Michele Durazzi walks us through his imaginative mini-series "Once Upon a Time"...
3dtotal: Hello, Michele, and thank you for talking to 3dcreative. First off, could you introduce yourself to our readers with a bit about your background and career?
Hello everyone, and thanks to 3dtotal for the chance to talk about my work. My education started on a self-taught path, until I got to the Department of Architecture at the University of Florence, where I improved a few of my CG techniques. After that, I worked with designing and planning offices, and later became a freelance graphic designer.
Behold Beyond Blindness – J.L. Borges
3dt: Your latest projects combine 3D modeling with a strong sense of geometry and symbolism. How have you arrived at this particular balance in your work?
I researched the strength of simplifying shapes, removing the superfluous and useless from the process of combining the symbolic and narrative. I think that the term ‘symbolic' is probably the most correct way to define the attitude of my work.
The Greek word syn-ballein means "to unite, harmonize, put together” – and in my creative field I try to synthesize concepts and graphical representations. I am of the belief that every representation must transcend itself and defer further meanings, inviting the reader to look beyond the obvious.
Agoraphobia – G. de Chirico
3dt: Who or what inspired Once Upon a Time? Could you share some of the concepts behind this series?
Once Upon a Time is an ironic attempt to combine historical characters with paradoxical, contradictory, or metaphorical situations. In Behold Beyond Blindness, we see an old Borges walking under what appears to be his home, in the heart of a labyrinth – a place very dear to him. His blindness did not prevent him from being a visionary poet.
In Agoraphobia, I guess de Chirico, the Italian metaphysical painter, is sucked away in a maelstrom of the floor because he cannot stand the vastness.

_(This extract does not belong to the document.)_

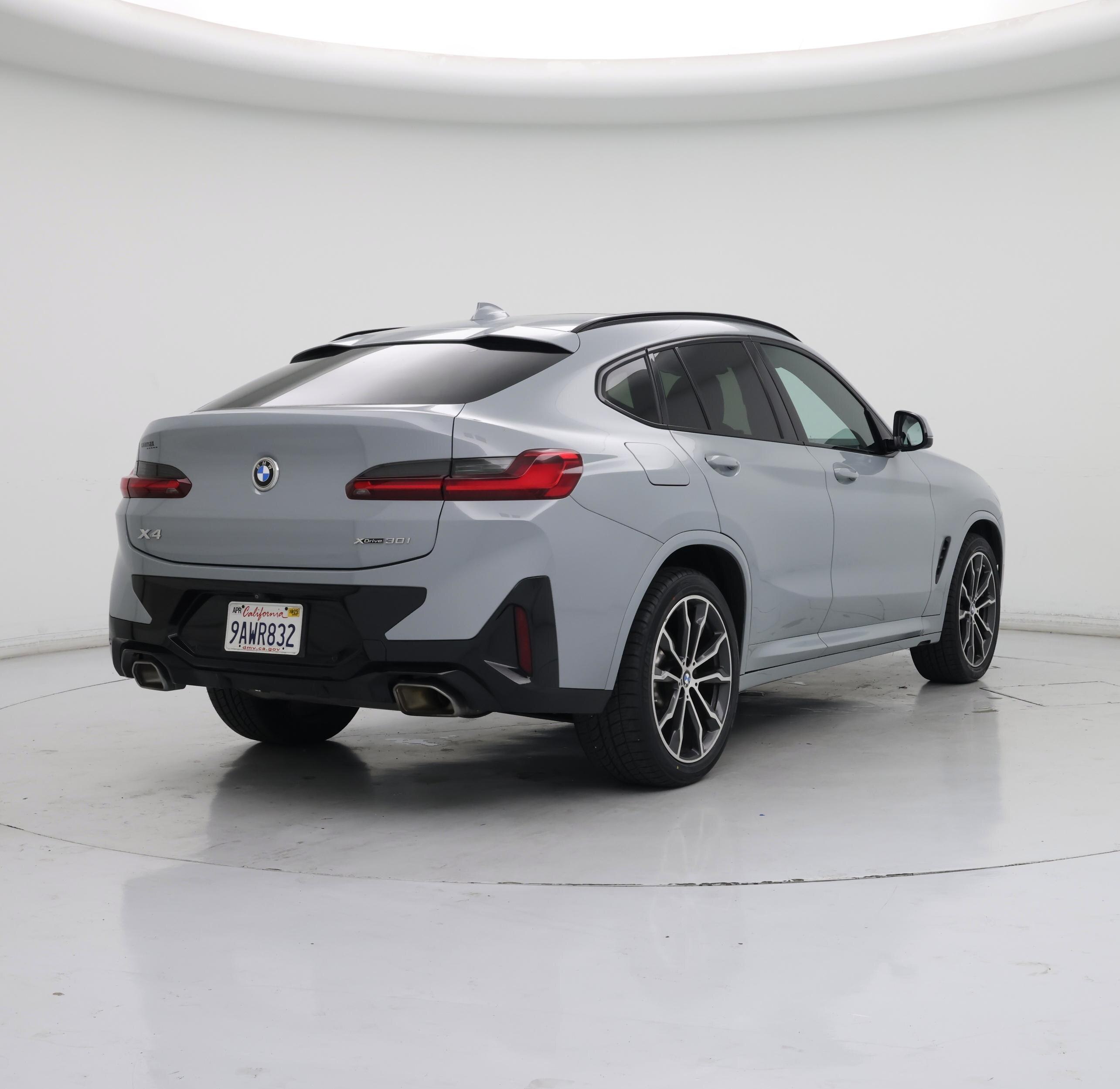 Thumbnail: 2022 BMW X4 - 8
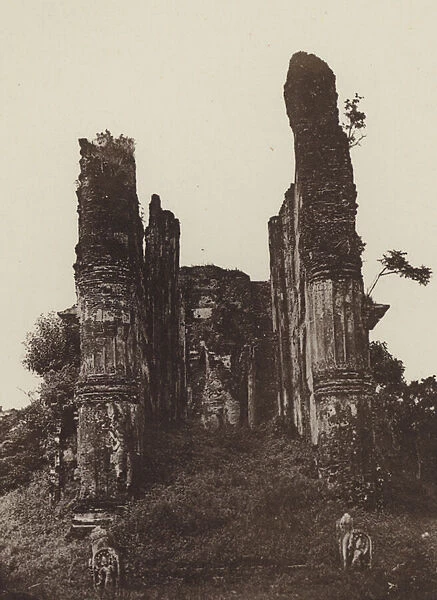 Ruined Cities of Ceylon: Jetawanarama at Polonnaruwa (b  /  w photo)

Hyperuranium shows Plato in full contemplation on the threshold of an Academy, Hollywood or Cinecittà style. There is not much solid around him, which could mean either the illusory nature of worldly things compared to the ideas (see the Platonic solids) or the illusory nature of any cultural structure.
In Conspiracy, the figure of Moses makes me laugh a lot. He is disappointed that he cannot close the Red Sea to help the Jewish people.
Ides of March is the famous murder of Julius Caesar. The aperiodic Penrose tessellation, used as flooring, has the characteristic of appearing 3D, as if the upper face is a supporting surface.
Finally, Ulysses is so mocking as to deem his enemies as naive children, giving them a Trojan Rocking Horse.
3dt: I see you favor 3ds Max in your modeling workflow. What is your typical process for creating an image?
It's very difficult to explain. Usually, an idea is born before any attempt at modeling: a concept, a mental image, sometimes just a word. What began as an idea is then built and refined in 3ds Max, sometimes changing during the workflow, but it is important that there's a basic concept.
It may also occur the exact opposite, with a genesis in geometry, from which a meaning can be inferred and developed afterwards. Anyway, the software type is not so important in the creative processes.
I believe it's essential to develop a sense of the hierarchy of elements that will go towards making up your compositions. Understanding their spatial relationship to one another is essential to producing good results.
Ides of March – Julius Caesar
3dt: Finally, can you tell us about your current and future plans – any projects you're working on, or goals you hope to achieve?
I am currently working on a series of illustrations for various clients, from architecture to publishing. A future goal, I hope, will be to publish a book of personal works. I believe in teamwork and hope to meet creative people to collaborate with on interesting projects.